__What you are asked to do__: Output only the lines that run from the line holding "For today's video" to the end of the entries, both ends included, and skip the pictures.

__Recorded data__:
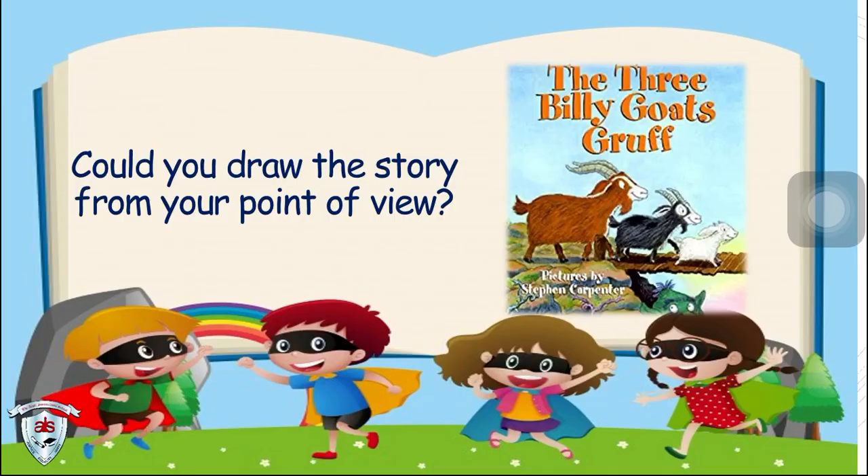Now, did you enjoy the story? Wow! Could you draw the story from your point of view? Thank you.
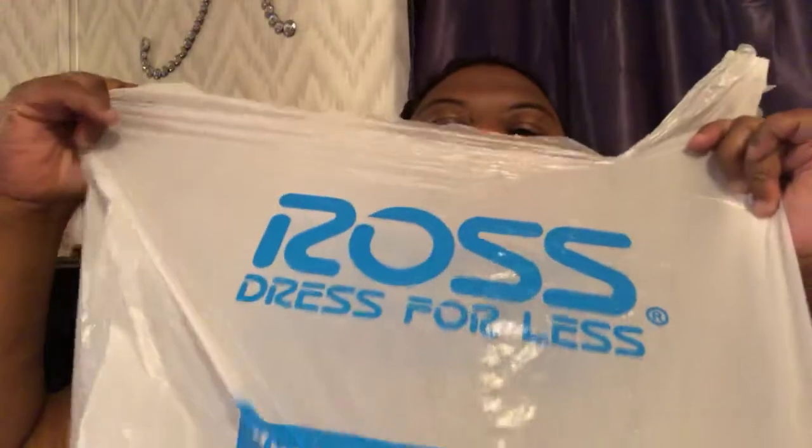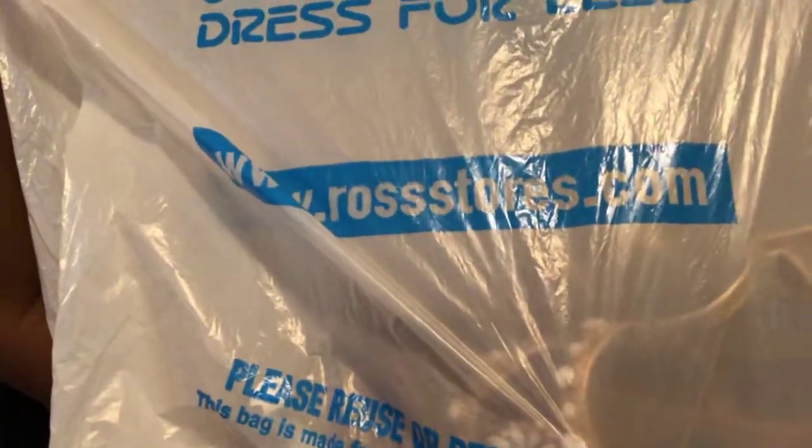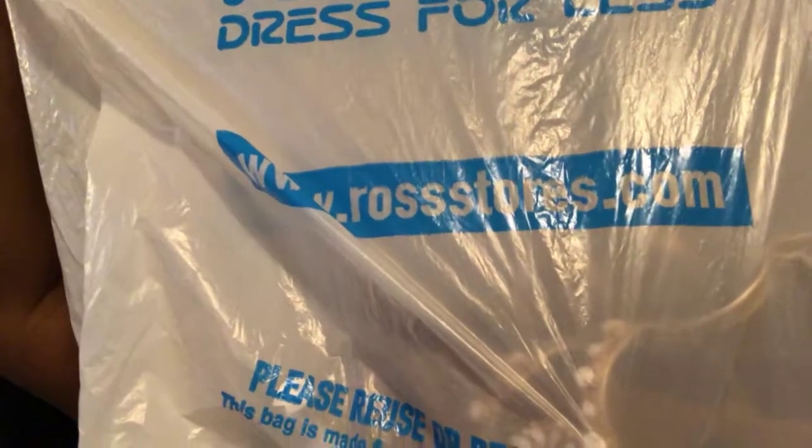I think almost every city has one. If you don't have Ross Dress for Less, let me show you — it's Dress for Less at www.rossstore.com and I think it's just a really good place.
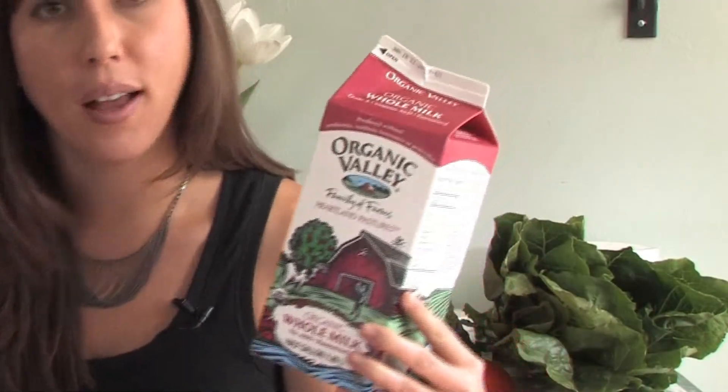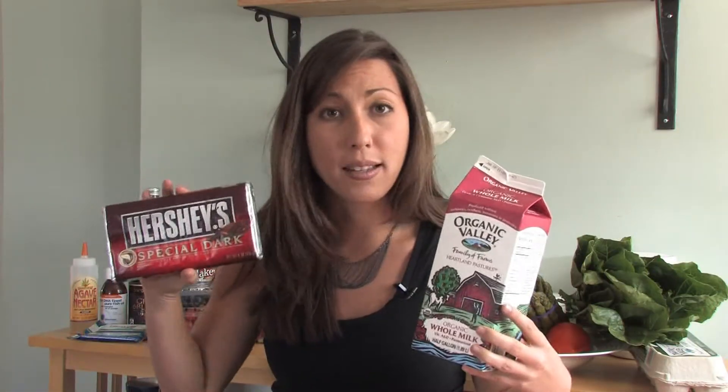Most of the processed foods that we eat are high in acid, but definitely a couple of foods that are high in acid are your dairy foods, so milk itself is high in acid, as well as any of your sweets, such as chocolate.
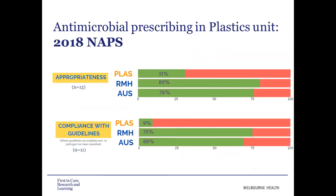A bit of background on why we decided to implement these plastics rounds. From our 2018 NAPS results, we identified that the plastics unit didn't perform as well as the rest of the hospital with their antimicrobial prescribing, particularly in regards to appropriateness and compliance with guidelines. The plastics unit appropriateness was sitting at around 31%, compared to 80% for the rest of Royal Melbourne and the national average of 76%. Their compliance with guidelines was also much lower, sitting at just 9%, compared to 75% for the rest of Melbourne.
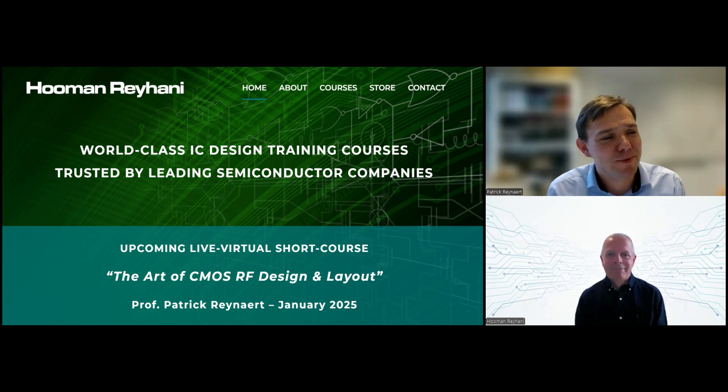So I'm Patrick Reinhardt. I got my PhD on RF power amplifiers back in 2006 from the University of Leuven in Belgium. Then I went to UC Berkeley to work on 60 gigahertz circuits. And then since 2007, I'm back at the University of Leuven in Belgium, working on all kinds of high frequency RF circuits, basically ranging from one gigahertz to one terahertz in various technologies. A lot of this research has always been together with industry.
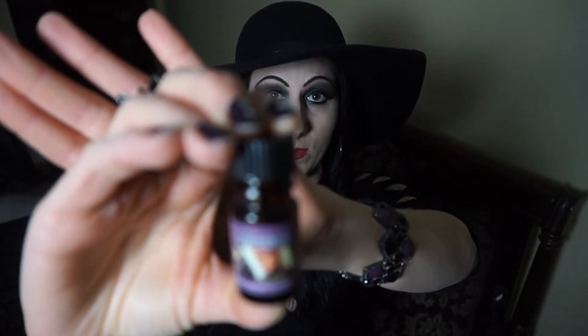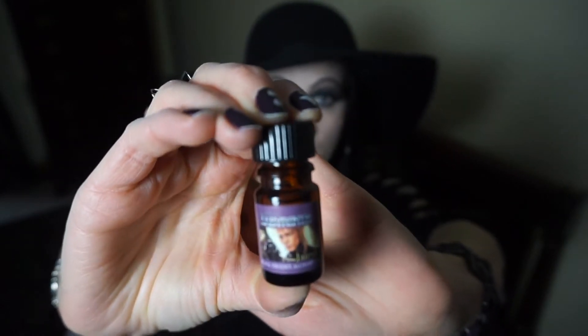It's a scent named after Jareth the Goblin King from Labyrinth. It's like a little bottle — I don't know if my camera is gonna focus on it. When I first opened it I was like, this smells really masculine. I understand it's supposed to smell like what he would smell like, but I kind of thought maybe it would be something a woman could wear also. I smelled it and I was like, oh, there's no way I'm gonna be able to wear this.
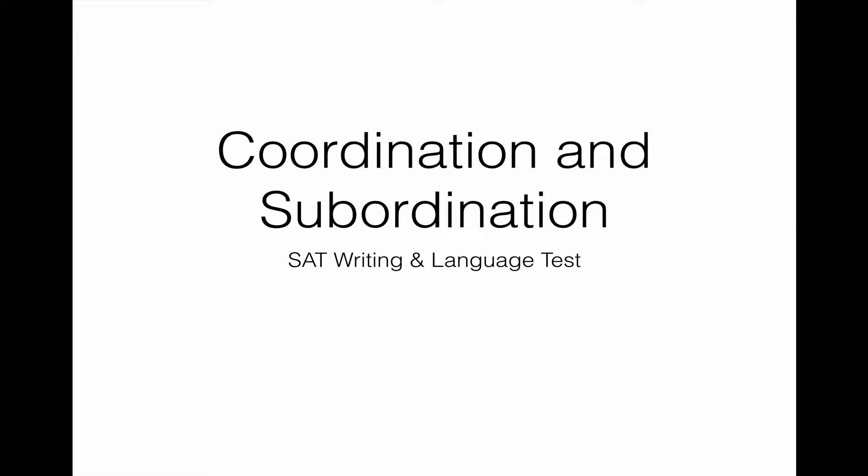The SAT Writing Language section tests many skills. One skill they're very interested in is how you can combine ideas effectively in sentences, done through coordination and subordination. In some cases, they want you to coordinate — expressing two complete thoughts as complete thoughts and combining them correctly. Other times they'll ask you to subordinate: take two ideas and express one as dependent upon the other. We'll go through the proper ways to do this and avoid common pitfalls.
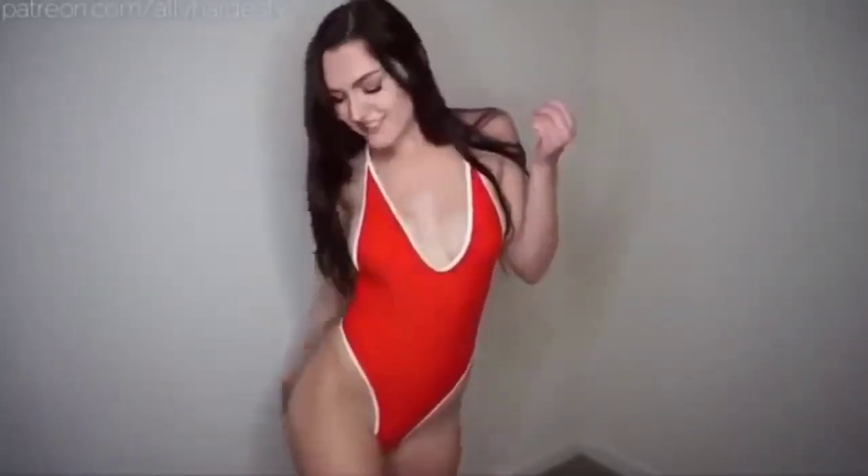The next bikini is actually a one-piece, which I don't normally get too often. I felt like it was the typical red lifeguard-looking thing, but the way it fits is kind of sexy — it's not just a normal one-piece that covers everything. I thought it would be a fun thing to throw in here as well.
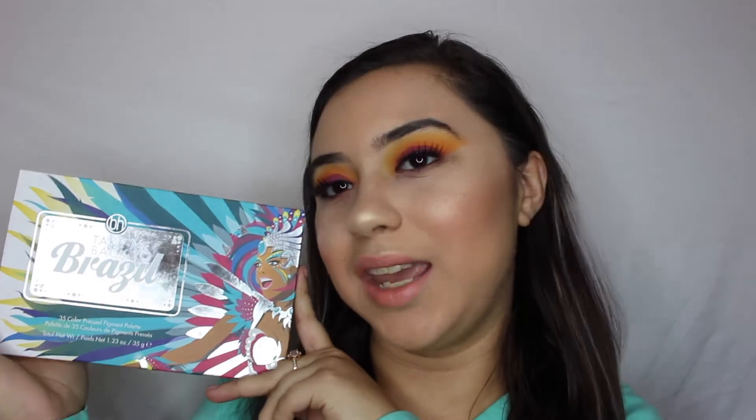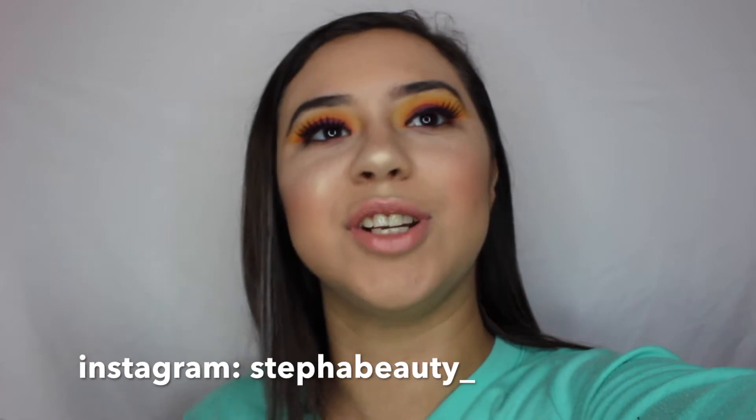For today's video we're going to be using the Take Me Back to Brazil palette. I actually used only three shades and three brushes for this look. It's such an easy look and it's so beautiful. Don't forget to subscribe and enjoy my giveaway — whenever I hit 700 subscribers I will be doing a big giveaway with all these goodies. Make sure you leave your email down below so I can contact you if you are the winner. Without further ado, let's get on with the video!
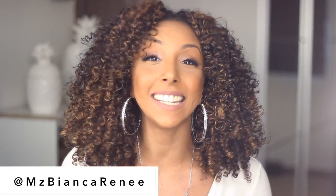Hello my beautiful people, I'm Bianca Renee and you're watching Bianca Renee Today. Today I'm going to show you how I cleared my acne-prone skin in just two weeks.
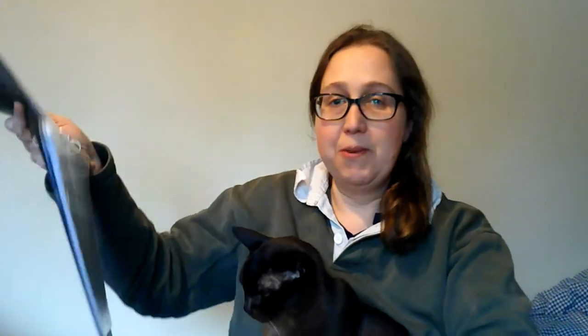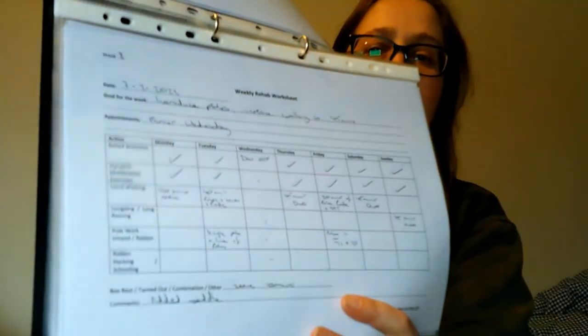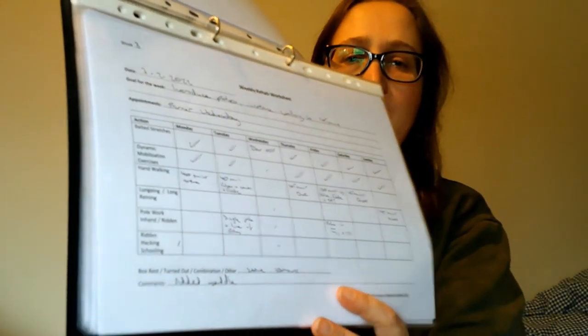So what's Stormy been up to last week? I've been filling in my weekly worksheet — as you know, you can buy that on Etsy. We're at week eight now from where she started working. I've noted that we started doing pole work, beginning with scattered poles, and then the last session we put two poles together.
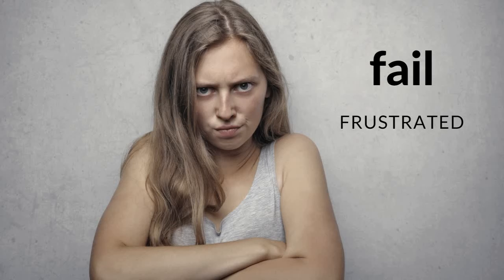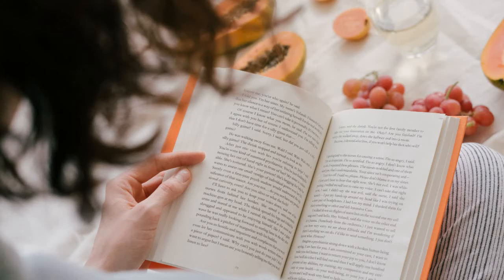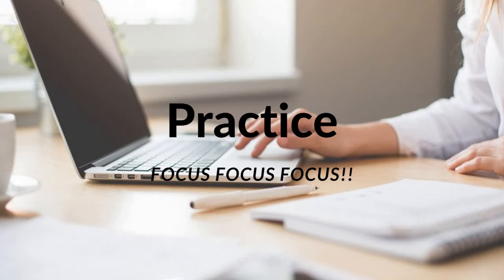You might blame the strategy, feel that you will fail the test, not want to follow the strategy, and give up. Therefore, I suggest you follow the strategy and do practice tests — take as much time as you need. Think about what you're doing. Just focus, focus, focus. Once you are comfortable, you can take the practice test in the given time frame and under exam conditions.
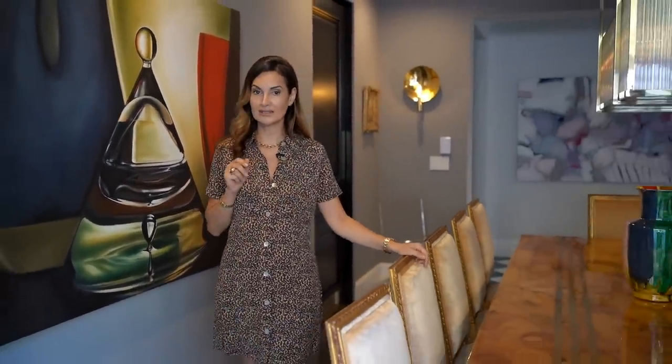Thank you for joining me on this episode of Red Elevator. I want to know if you guys like dark or light walls in a dining room — I would love to hear your thoughts. Thank you so much for watching. Please don't forget to subscribe below and we will see you next week.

__Output__:
For today's video we're going to be using the Take Me Back to Brazil palette. I actually used only three shades and three brushes for this look. It's such an easy look and it's so beautiful. Don't forget to subscribe and enjoy my giveaway — whenever I hit 700 subscribers I will be doing a big giveaway with all these goodies. Make sure you leave your email down below so I can contact you if you are the winner. Without further ado, let's get on with the video!
Hello my beautiful people, I'm Bianca Renee and you're watching Bianca Renee Today. Today I'm going to show you how I cleared my acne-prone skin in just two weeks.
So what's Stormy been up to last week? I've been filling in my weekly worksheet — as you know, you can buy that on Etsy. We're at week eight now from where she started working. I've noted that we started doing pole work, beginning with scattered poles, and then the last session we put two poles together.
You might blame the strategy, feel that you will fail the test, not want to follow the strategy, and give up. Therefore, I suggest you follow the strategy and do practice tests — take as much time as you need. Think about what you're doing. Just focus, focus, focus. Once you are comfortable, you can take the practice test in the given time frame and under exam conditions.
Thank you for joining me on this episode of Red Elevator. I want to know if you guys like dark or light walls in a dining room — I would love to hear your thoughts. Thank you so much for watching. Please don't forget to subscribe below and we will see you next week.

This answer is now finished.